***** Records for this task *****

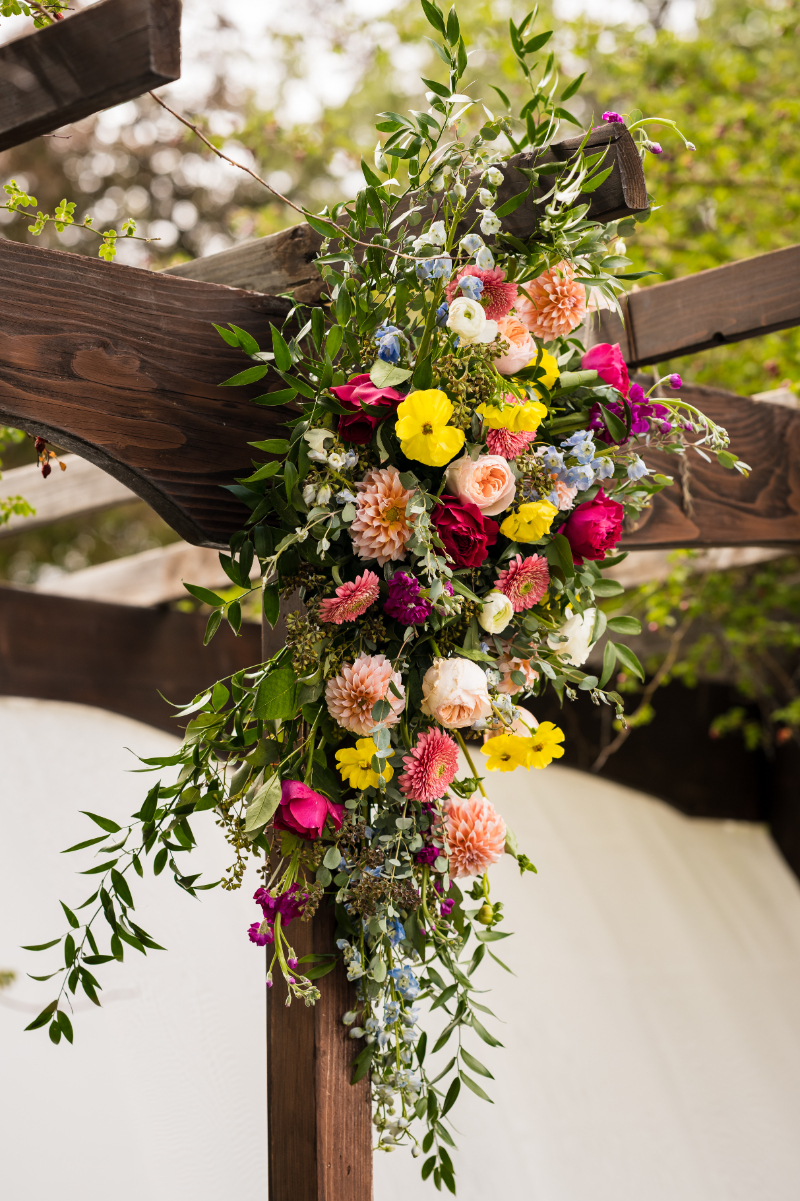 Colorful floral arrangement for ceremony arch.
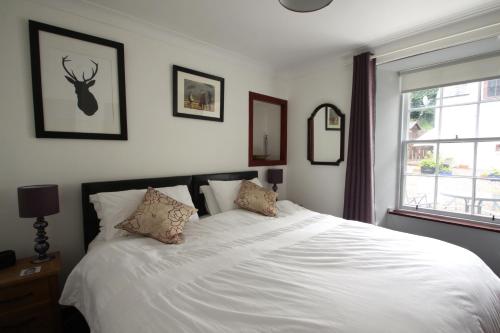 a bedroom with a large white bed with two pillows at The Wee Nook Birnam in Birnam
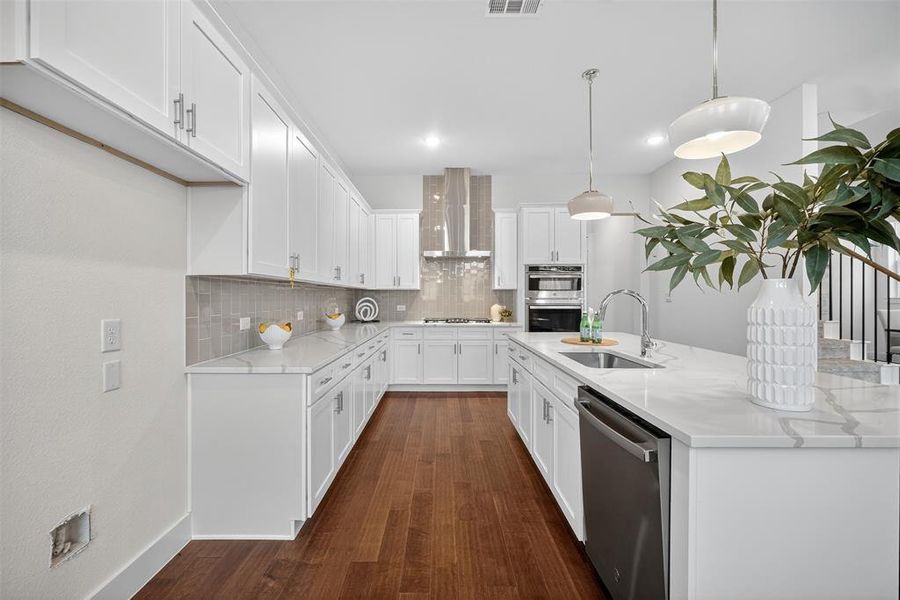 Kitchen featuring decorative backsplash, white cabinetry, an island with sink, light stone counters, and appliances with stainless steel finishes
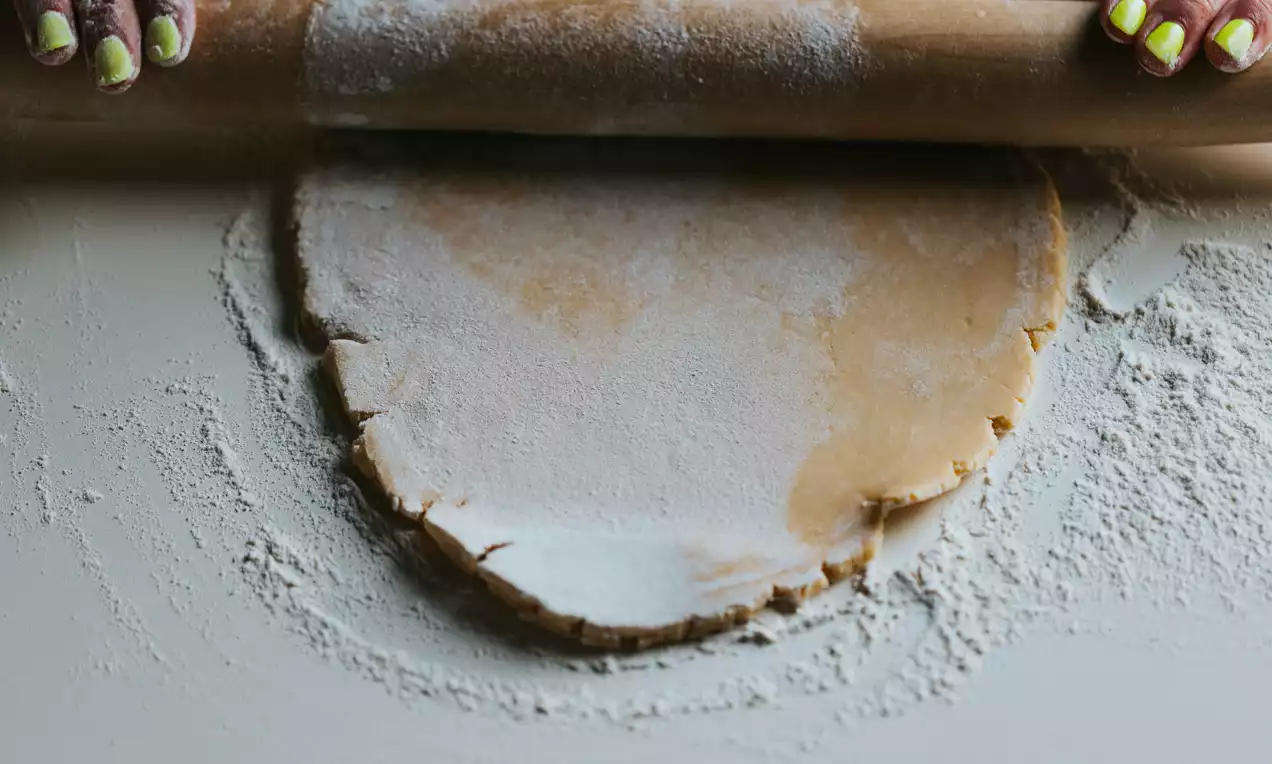 Pâte dorée et farineuse étalée en disque irrégulier sur une surface couverte de farine, roulée avec un rouleau en bois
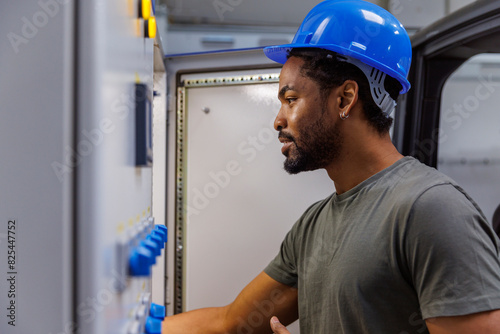 Worker in hardhat using machinery in industry photo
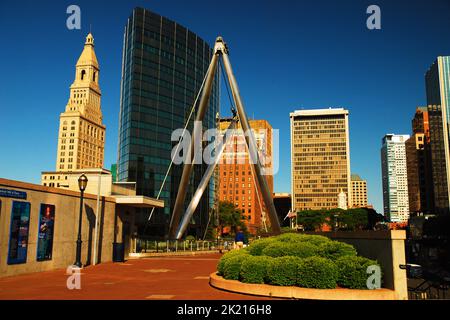 The skyline or Hartford Connecticut, as seen from the Founders Bridge, a pedestrian walkway, contains a mix of modern and classic architecture Stock Photo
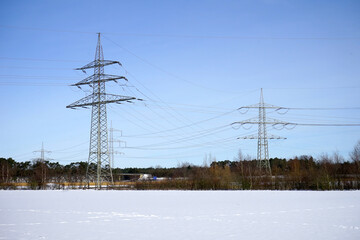Energieversorgung: Hochspannungsmasten / Masten einer Stromleitung an einem sonnigen Wintertag,...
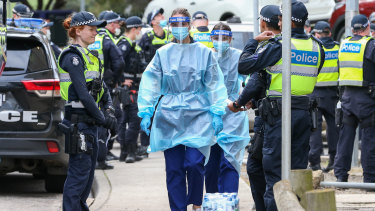 Medical staff wearing PPE holding material about to walk into the Flemington public housing flats on Sunday.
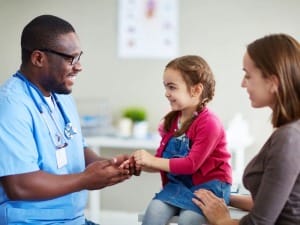 A picture of a male healthcare worker interacting with a child and her guardian.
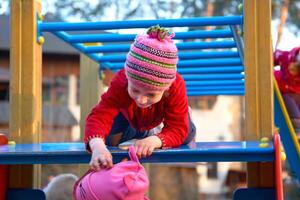 carino bambino giocando su il scala a il terreno di gioco foto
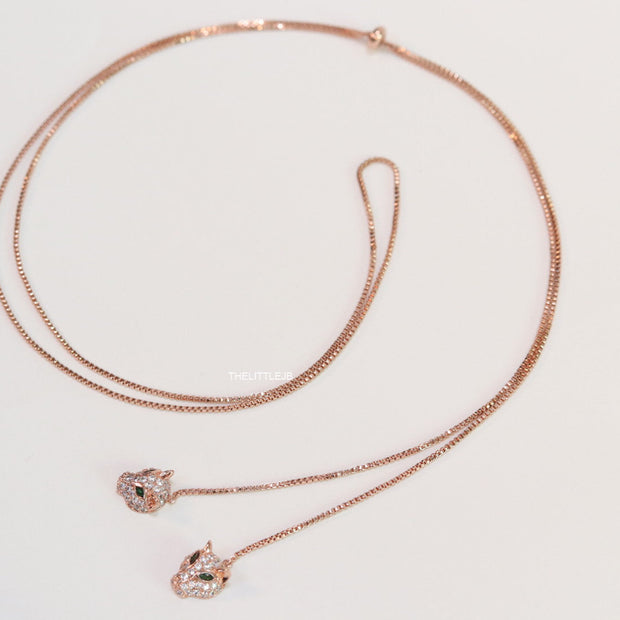 Rose gold plated knot necklace with twin cz panther pendants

*****

> _Work request_
Every entry above is to be printed again exactly, pictures omitted.

> _Task answer_
 Colorful floral arrangement for ceremony arch.
 a bedroom with a large white bed with two pillows at The Wee Nook Birnam in Birnam
 Kitchen featuring decorative backsplash, white cabinetry, an island with sink, light stone counters, and appliances with stainless steel finishes
 Pâte dorée et farineuse étalée en disque irrégulier sur une surface couverte de farine, roulée avec un rouleau en bois
 Worker in hardhat using machinery in industry photo
 The skyline or Hartford Connecticut, as seen from the Founders Bridge, a pedestrian walkway, contains a mix of modern and classic architecture Stock Photo
Energieversorgung: Hochspannungsmasten / Masten einer Stromleitung an einem sonnigen Wintertag,...
 Medical staff wearing PPE holding material about to walk into the Flemington public housing flats on Sunday.
 A picture of a male healthcare worker interacting with a child and her guardian.
 carino bambino giocando su il scala a il terreno di gioco foto
 Rose gold plated knot necklace with twin cz panther pendants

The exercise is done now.